**What is being asked**
Starting at the line that contains "Carolina defenseman Dougie" and stopping at the line that contains "Брюки широкие льняные на завязках", restate each line of the records below exactly. Omit the pictures.

**Dataset entries**
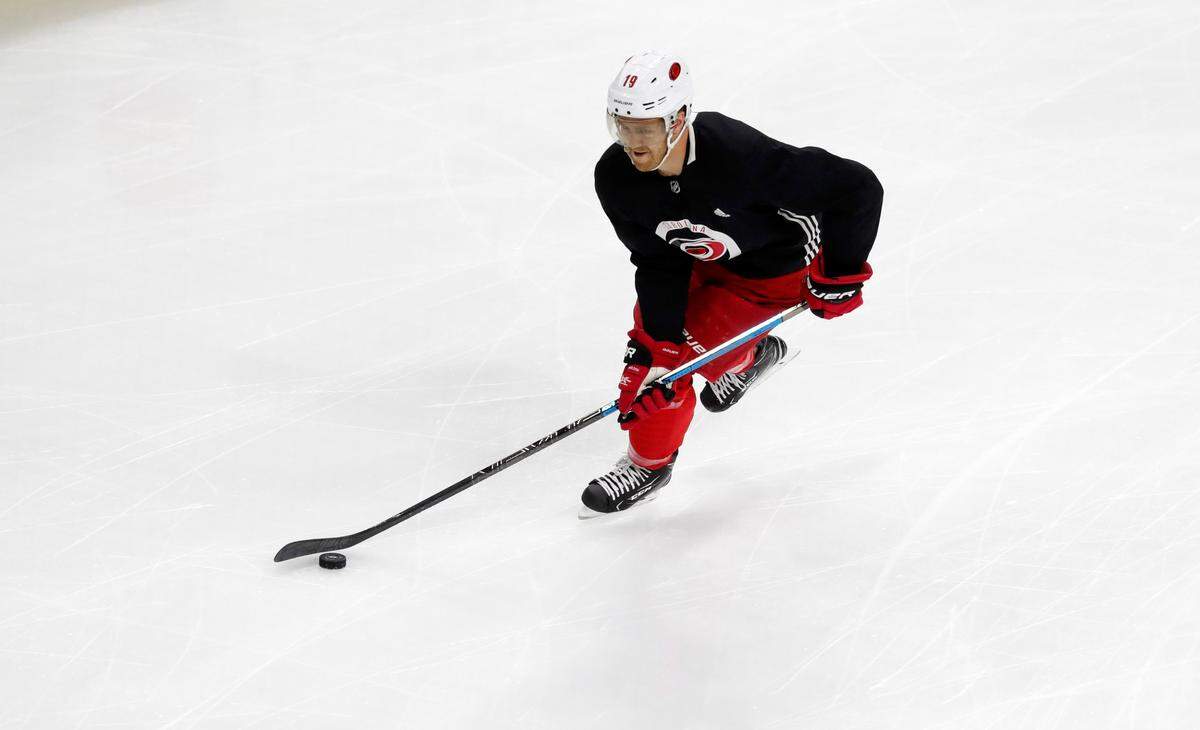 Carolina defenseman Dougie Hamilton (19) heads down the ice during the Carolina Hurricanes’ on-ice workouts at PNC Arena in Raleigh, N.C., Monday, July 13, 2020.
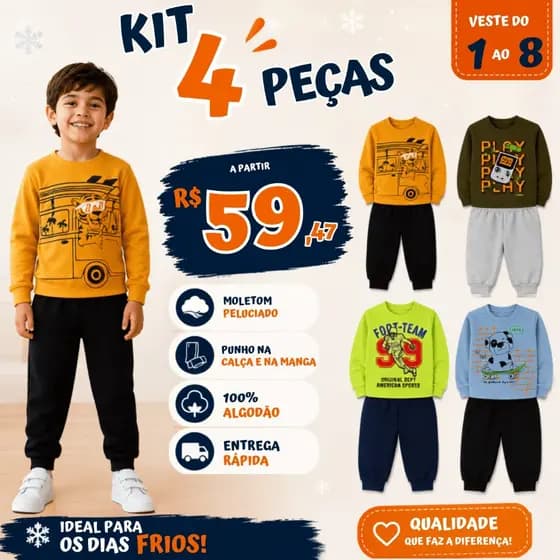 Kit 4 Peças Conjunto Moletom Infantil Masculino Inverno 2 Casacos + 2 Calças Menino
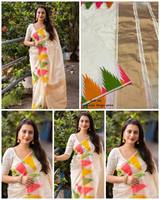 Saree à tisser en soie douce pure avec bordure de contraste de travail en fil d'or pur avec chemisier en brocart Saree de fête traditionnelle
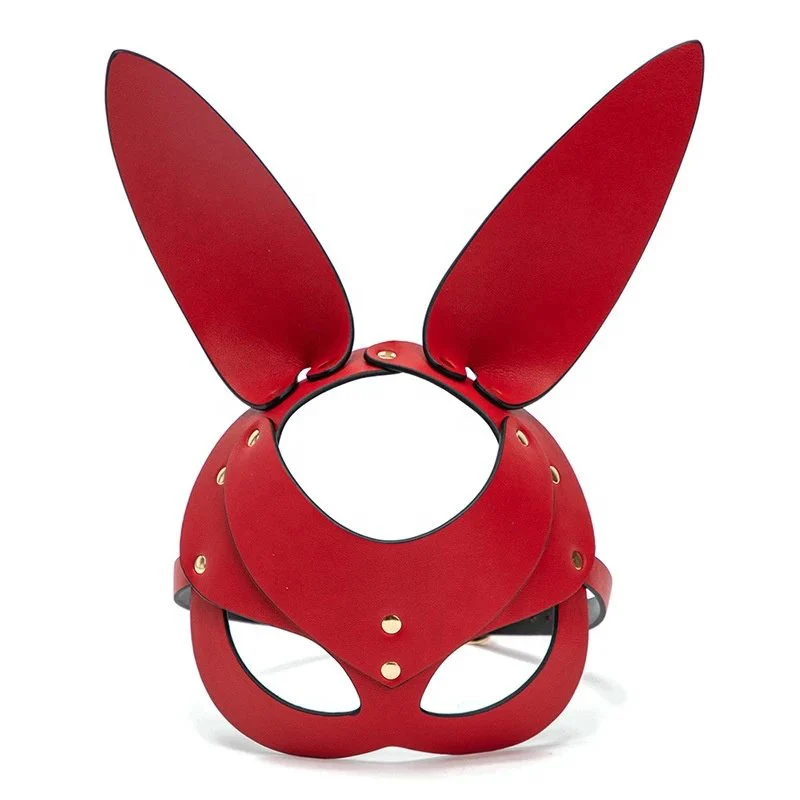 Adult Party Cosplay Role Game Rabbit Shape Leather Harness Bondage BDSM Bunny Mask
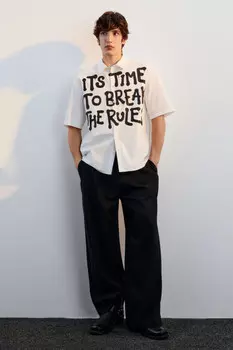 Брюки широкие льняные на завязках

...

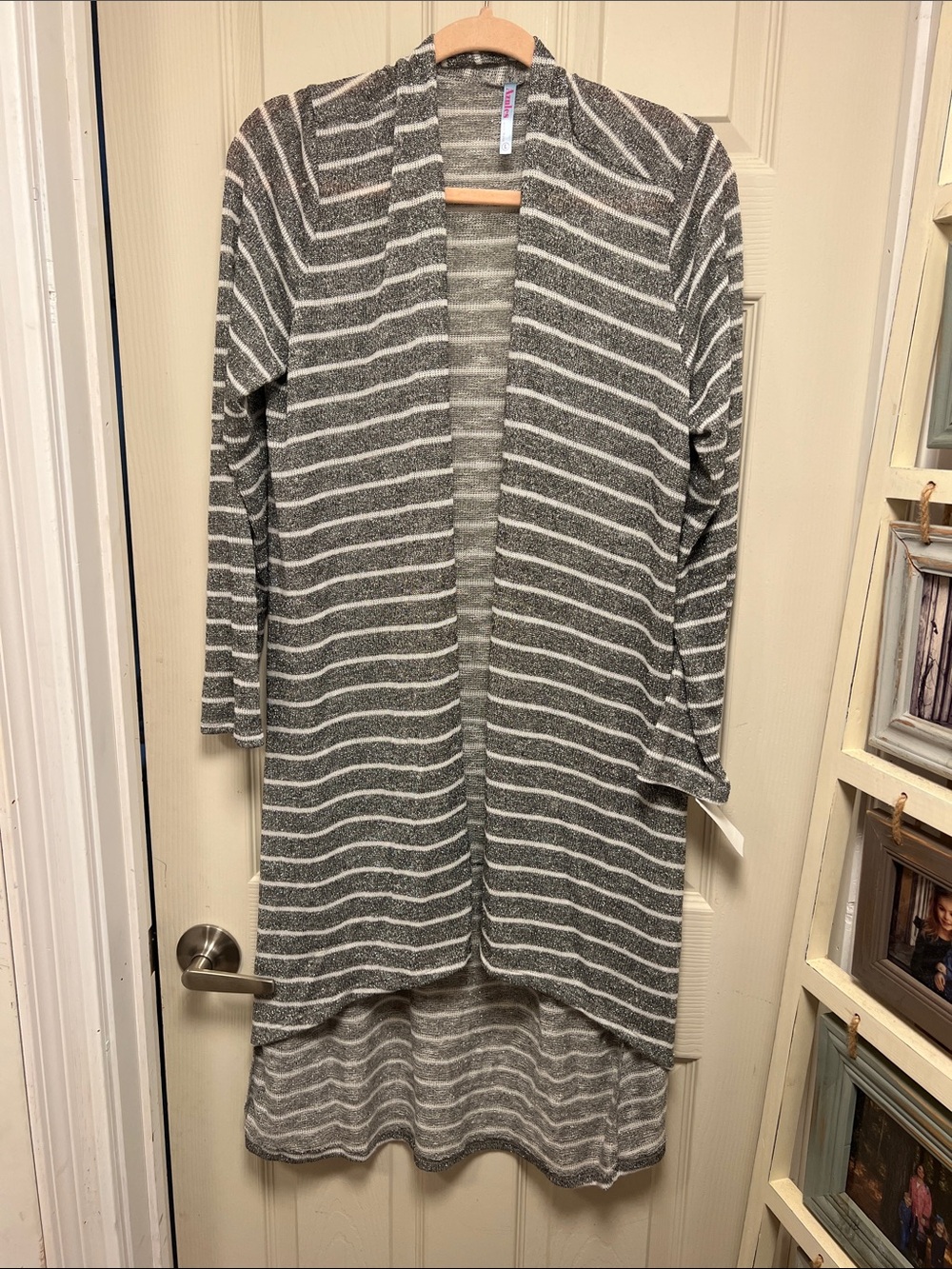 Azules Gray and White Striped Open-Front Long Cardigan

==

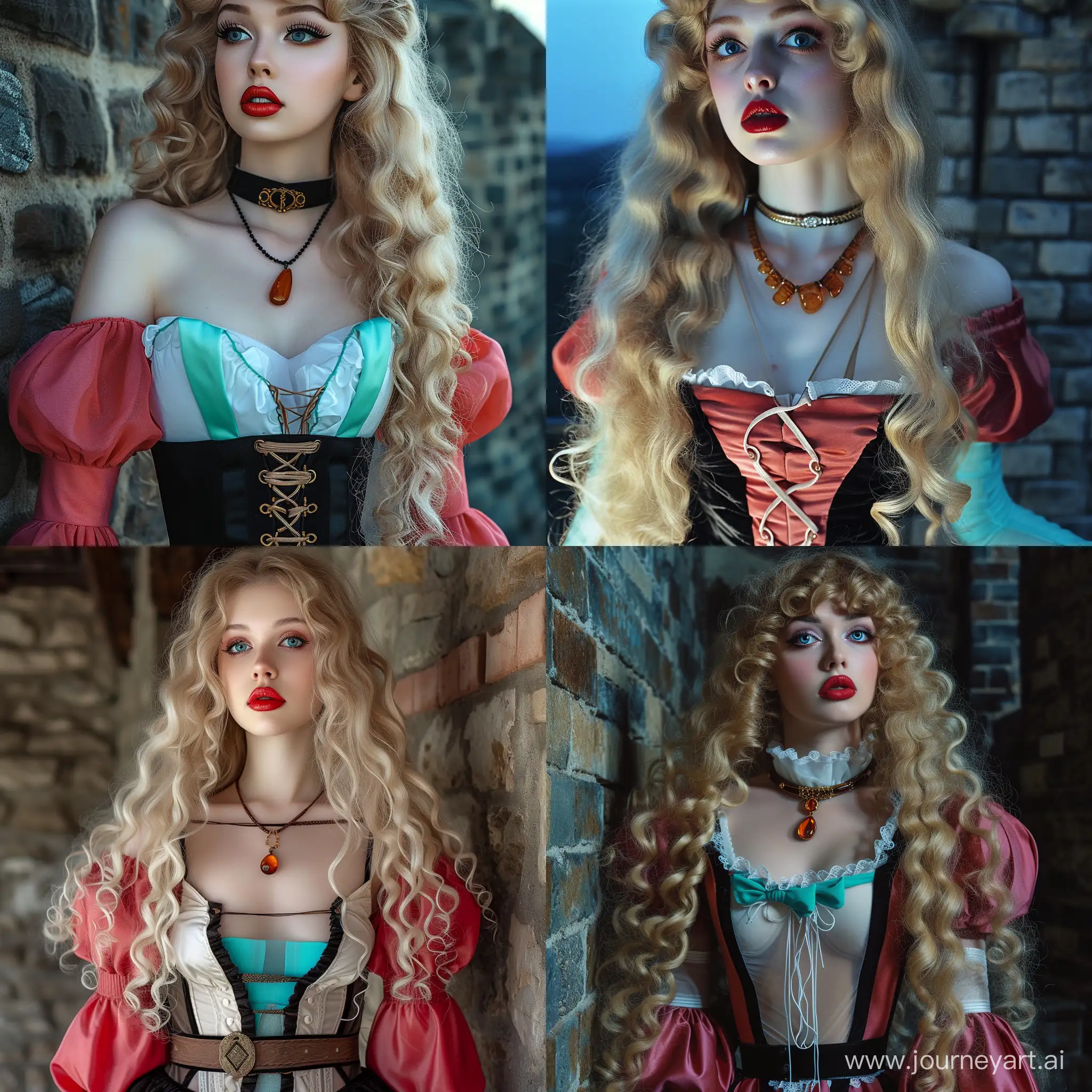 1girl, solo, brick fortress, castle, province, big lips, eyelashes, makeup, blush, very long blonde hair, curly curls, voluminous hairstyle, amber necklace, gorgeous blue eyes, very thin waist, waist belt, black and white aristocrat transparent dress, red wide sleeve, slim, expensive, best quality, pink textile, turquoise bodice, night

**Task result**
 Carolina defenseman Dougie Hamilton (19) heads down the ice during the Carolina Hurricanes’ on-ice workouts at PNC Arena in Raleigh, N.C., Monday, July 13, 2020.
 Kit 4 Peças Conjunto Moletom Infantil Masculino Inverno 2 Casacos + 2 Calças Menino
 Saree à tisser en soie douce pure avec bordure de contraste de travail en fil d'or pur avec chemisier en brocart Saree de fête traditionnelle
 Adult Party Cosplay Role Game Rabbit Shape Leather Harness Bondage BDSM Bunny Mask
 Брюки широкие льняные на завязках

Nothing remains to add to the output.